Whenever we pick out a puppy I always wonder what it would look like as an adult. I have a good friend who is currrently looking and brought this very point to my attention but there are really no sites that give this perspective to the process. I thought it might be fun and informative to prospective puppy Golden owners to see what could blossom from little Golden babies by posting 1 puppy & 1 adult pic of your Goldens. I added these pics but they are GARGANTUAN...I have to figure out how to resize them so they present favorably. I'll post new puppy pics soon.


Anyhow this is our Ginger as a [email protected] 8 weeks. I've always thought Goldens have the most engaging eyes. When she was a puppy, I thought she'd be huge just by looking at her body/paws; she grew to about 72-75 pounds, though was a little shorter in stature than our other Goldens.









Here she is a little older at about 15 weeks, still in her goofy and awkward stage. She's a bit of a comedian.









I had taken this picture with a friend who had stopped by whom she hadn't officially met yet and she put up a little "who are you?" attitude. Oddly, a lot of people are scared by this look. Our power company meter reader won't get out of her truck to read the meter, she calls me, I give her the numbers.....it works. I think Ginger actually enjoys giving the meter gal a buzz!!

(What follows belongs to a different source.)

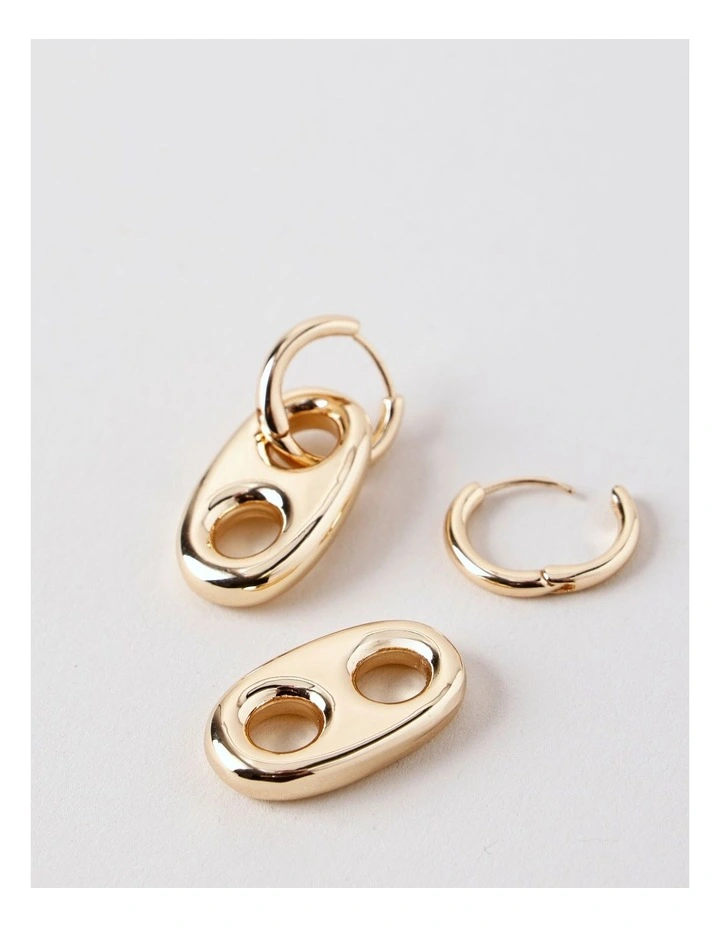 Link Drop Earrings in Gold image 3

Here she is romping at Ricketts Glen Park in Pa. She had been wet & dried 5 or 6 times by the time we took this shot. She's 5 years old here. How's that for a smile? The meter Lady doesn't see this face often, I do....again...it works!


----------



## fostermom (Sep 6, 2007)

Both of my boys grew up to look just like they did as a puppy, in my opinion. We didn't get either of them really young. Jasper was 4 1/2 months old and Danny was 5 months old.

Jasper as a puppy:









Now:









Danny as a puppy:









Danny now:


----------



## T&T (Feb 28, 2008)

Pez said:


> ... Whenever we pick out a puppy I always wonder what it would look like as an adult...


How many do you have ?
Your Ginger is one beautiful girl


----------



## Pez (Jun 9, 2009)

*Thanks,*

how old are your dogs? They are a great looking pair!

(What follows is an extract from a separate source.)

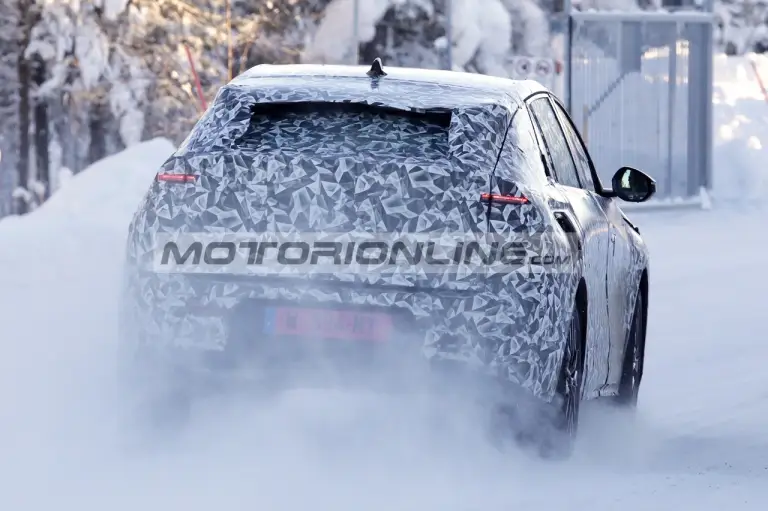 Lancia Gamma - Foto spia 25-2-2026 - 10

We have two, one is a puppy. No after pics of her to post but I'll throw up some anyhow.


----------



## Oaklys Dad (Dec 28, 2005)

Here are some then and now pictures of Oakly and Caue.


----------



## windfair (Jul 19, 2008)

I love the before and after shots, I just posted some of Ranger under the Pictures forum. I think he still has the same look, especially around the eyes, he is not a year old yet, so I imagine he will still be changing. I used to think he was going to be very big too, based on his paws, but now I think he will be about average. I don't know how much more they grow after 8 months old? Your dog Ginger was the cutest puppy, and she grew up to be so beautiful. She looks like she has a very gentle disposition. All the puppies on here are adorable!


----------



## Pez (Jun 9, 2009)

Oakly & Caue are great looking kids! You know its amazing just how similar alot of pups are then a switch goes on and they take on totally different looks. Sure there are distinguishing traits but I think this just goes to show how difficult it is to judge from just puppy looks alone. Our puppy _*picked us out*_ after extended weekly visits to the litter and frankly we couldn't have made a better choice.


----------



## Ljilly28 (Jan 22, 2008)

Tango 8 weeks and 14 months


----------



## Pez (Jun 9, 2009)

*Alex and Roxy*

are awesome. Having them near water is such a benefit to them. There is perhaps no better moment than watching a dog jump off a dock into water! It truly is a dog's life!


----------



## Pez (Jun 9, 2009)

Ljilly28...with all the talk about /golden doodles...now what about if there were a Golden puppy like Finn that never changed? I love the too-short puppy stage but as adults, they are just unbearably adorable. I guess if I could have 1 wish it would be that they lived 50 years! Nice shots...Great dogs!!


----------



## Solas Goldens (Nov 10, 2007)

I Love all the pictures!


----------



## momtoMax (Apr 21, 2009)

It looks like a lot of puppies get to be a darker color with age...


----------



## T&T (Feb 28, 2008)

Pez said:


> how old are your dogs? They are a great looking pair!
> 
> We have two, one is a puppy. No after pics of her to post but I'll throw up some anyhow.


 
Don't know rescue Mr T's age ... at least 11 yrs old ... and no puppy pics 

But here's little giant Miss T


----------



## kgiff (Jul 21, 2008)

I think I might have posted this before, but I love the comparison.

Cisco went from this:









to this:


----------



## Pez (Jun 9, 2009)

momtoMax said:


> It looks like a lot of puppies get to be a darker color with age...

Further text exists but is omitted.